Required work: Among the entries below, the lines from the one with "Olivier Botas masculinas" up to and including the one with "Unisex Jersey Short" are to be restated exactly, without pictures.

The input:
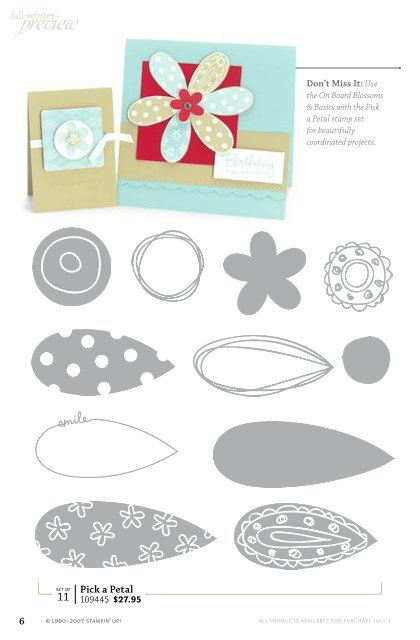 in Fall/Winter Preview). - Stampin' Up!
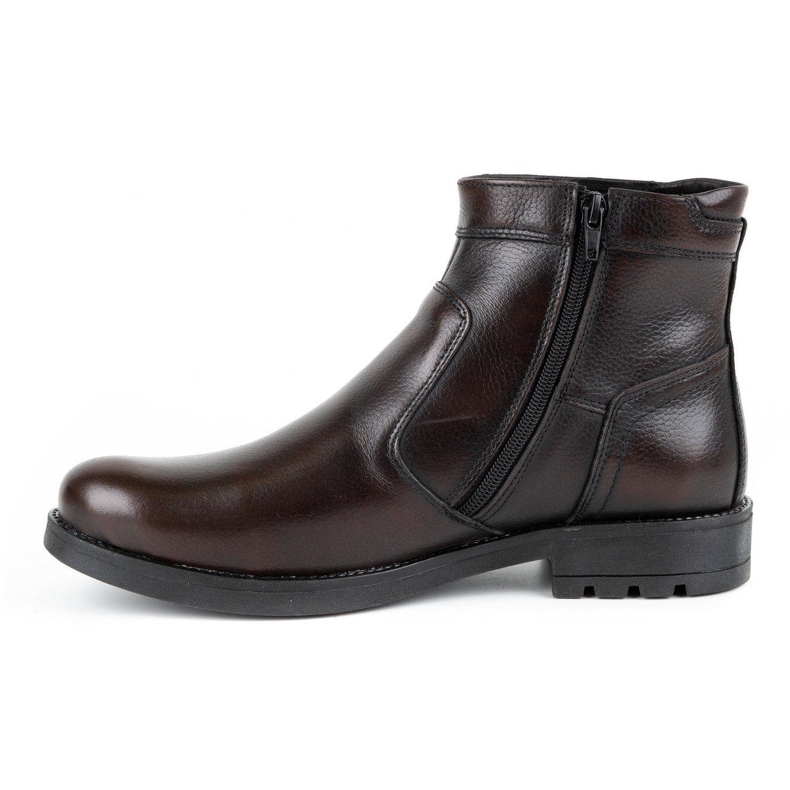 Olivier Botas masculinas de couro Chelsea de 302 MP kabir marrom 1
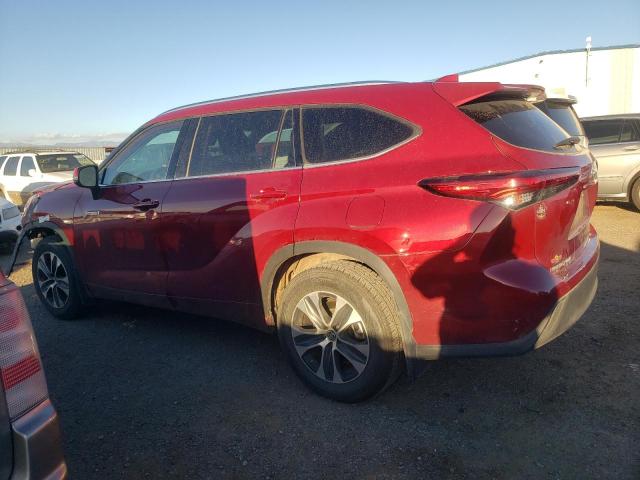 5TDHARAH3LS501457 - 2020 TOYOTA HIGHLANDER HYBRID XLE RED photo 2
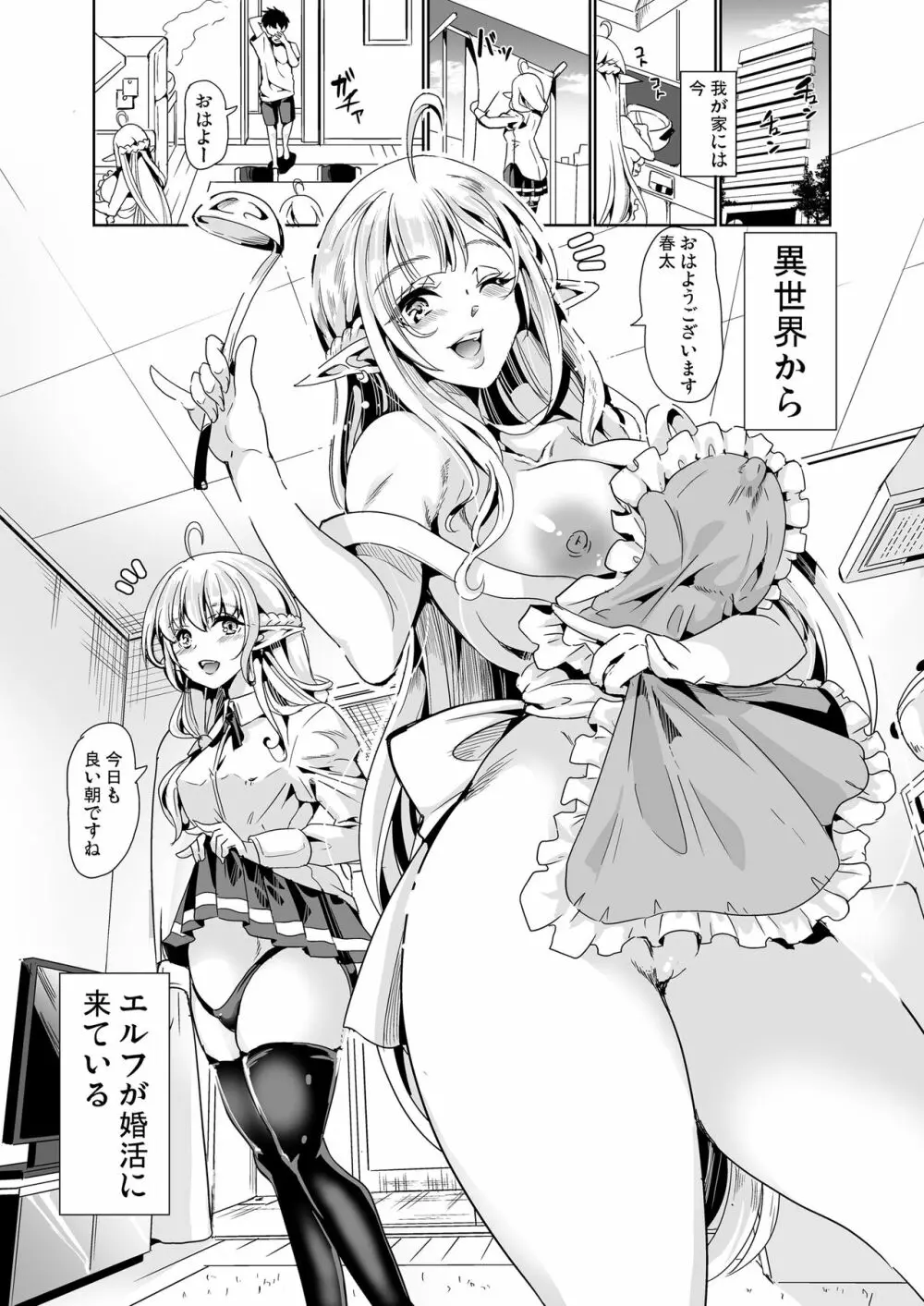 スケベエルフ姉妹、婚活に来る ~ハーレムレッスン~ Page.2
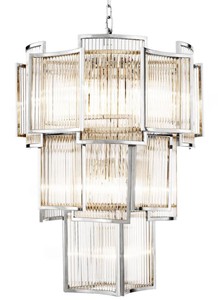 4251287785111 - Luxus Hotel Kronleuchter Silber Durchmesser 58 x H 84 cm - Limited Edition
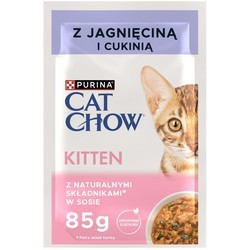 Корм для кошек Cat Chow Kitten Lamb\/Zucchini Pouch 85 g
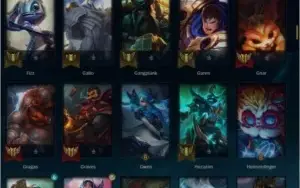Conta  lol  gold 1 Quase todos os champs varias skins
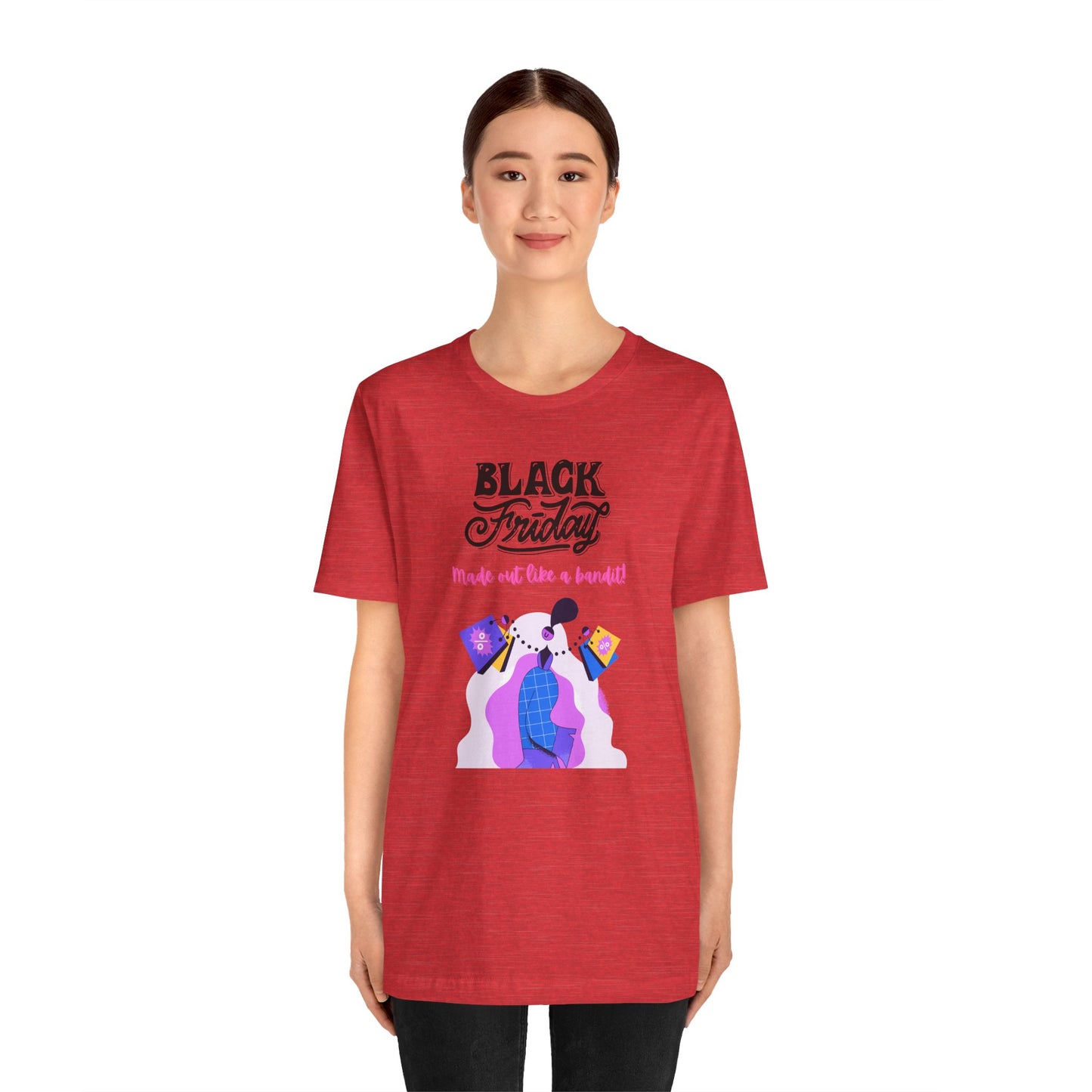 Unisex Jersey Short Sleeve Black Friday Sales T-Shirt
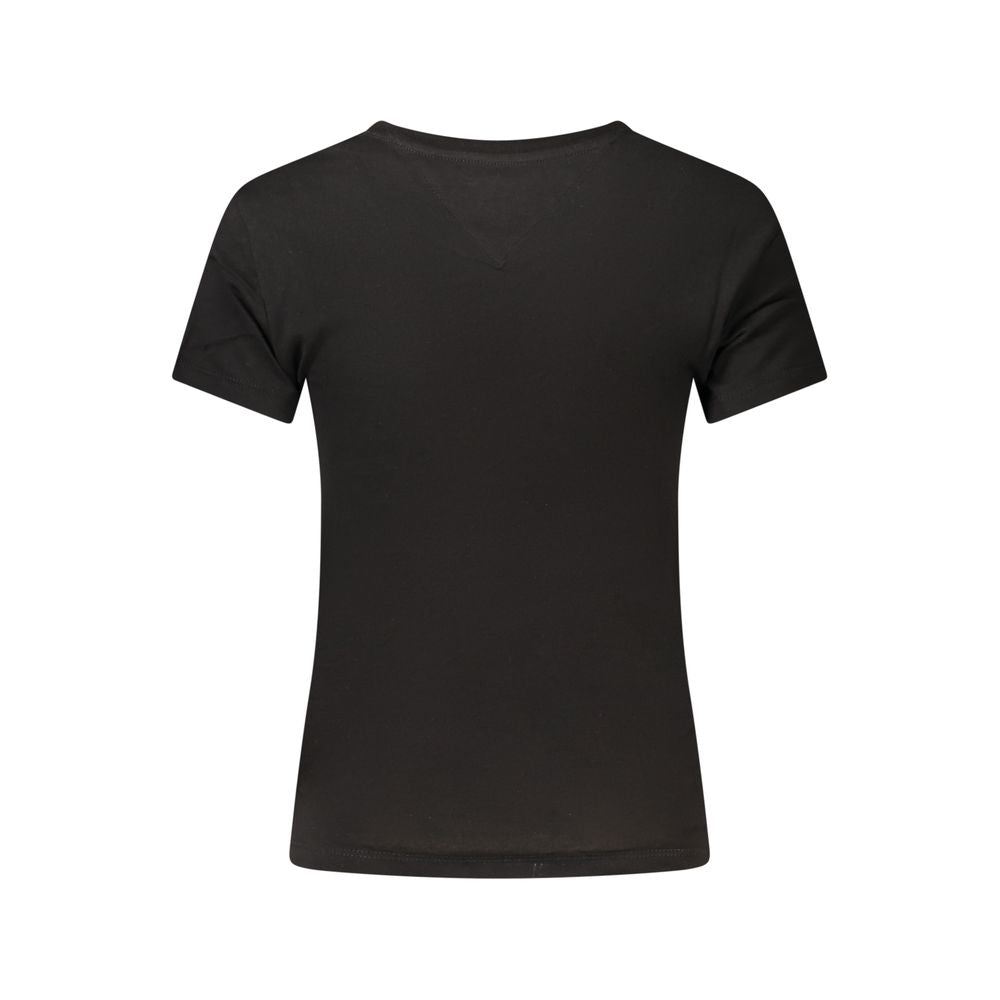 Tommy Hilfiger Schwarzes Baumwoll-T-Shirt für Damen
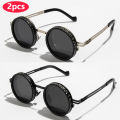 Brand Punk Polarized ND9 Adjustable Dimming Sun Glasses Men Women Round Sunglasses Men's Fishing Eyeglasses Outdoor Shades UV400.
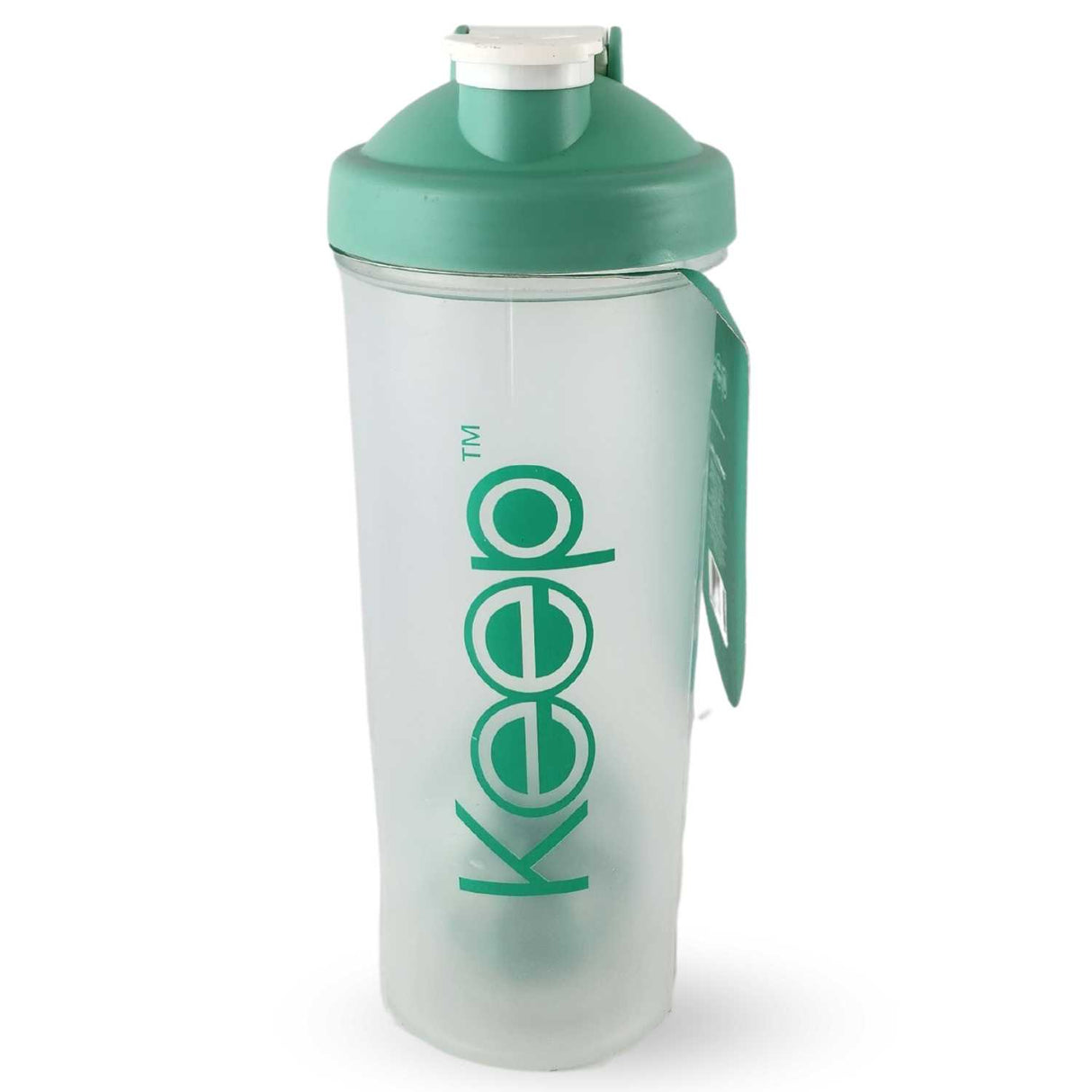 Botella turquesa de 700ml, resistente y libre de BPA, ideal para mezclar proteínas y mantenerte hidratado en el gimnasio o al aire libre.-1-1-1-1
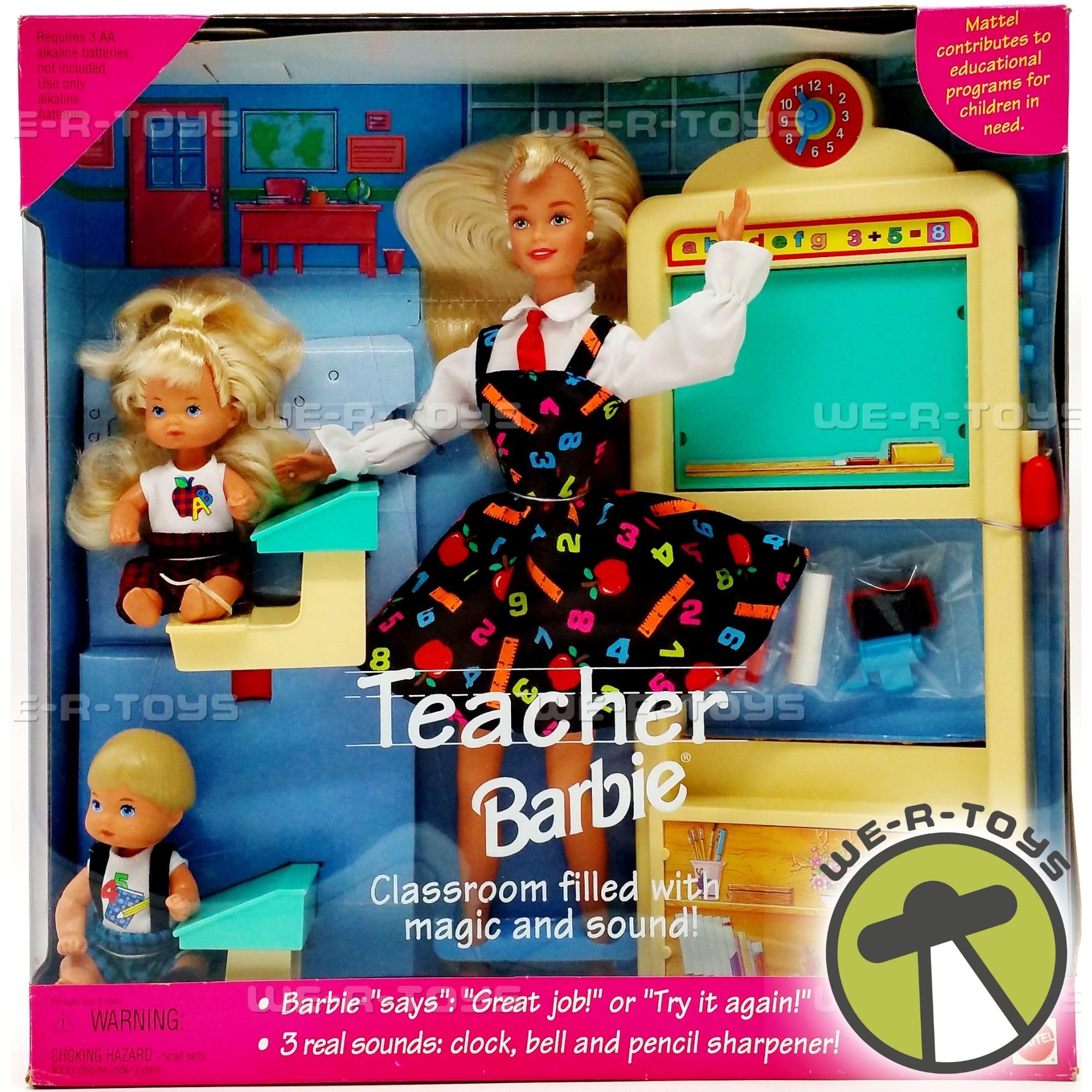 Vintage 1995 Barbie Teacher & Students Gift Set - Blonde Hair Edition - Perfect for Collectors, Playtime & Classroom Role Play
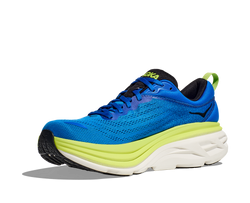 Man Schuhe Hoka Bondi 8 Electric Cobalt/Lettuce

Solution to the exercise:
 Olivier Botas masculinas de couro Chelsea de 302 MP kabir marrom 1
 5TDHARAH3LS501457 - 2020 TOYOTA HIGHLANDER HYBRID XLE RED photo 2
 スケベエルフ姉妹、婚活に来る ~ハーレムレッスン~ Page.2
 4251287785111 - Luxus Hotel Kronleuchter Silber Durchmesser 58 x H 84 cm - Limited Edition
 Корм для кошек Cat Chow Kitten Lamb\/Zucchini Pouch 85 g
Conta  lol  gold 1 Quase todos os champs varias skins
 Unisex Jersey Short Sleeve Black Friday Sales T-Shirt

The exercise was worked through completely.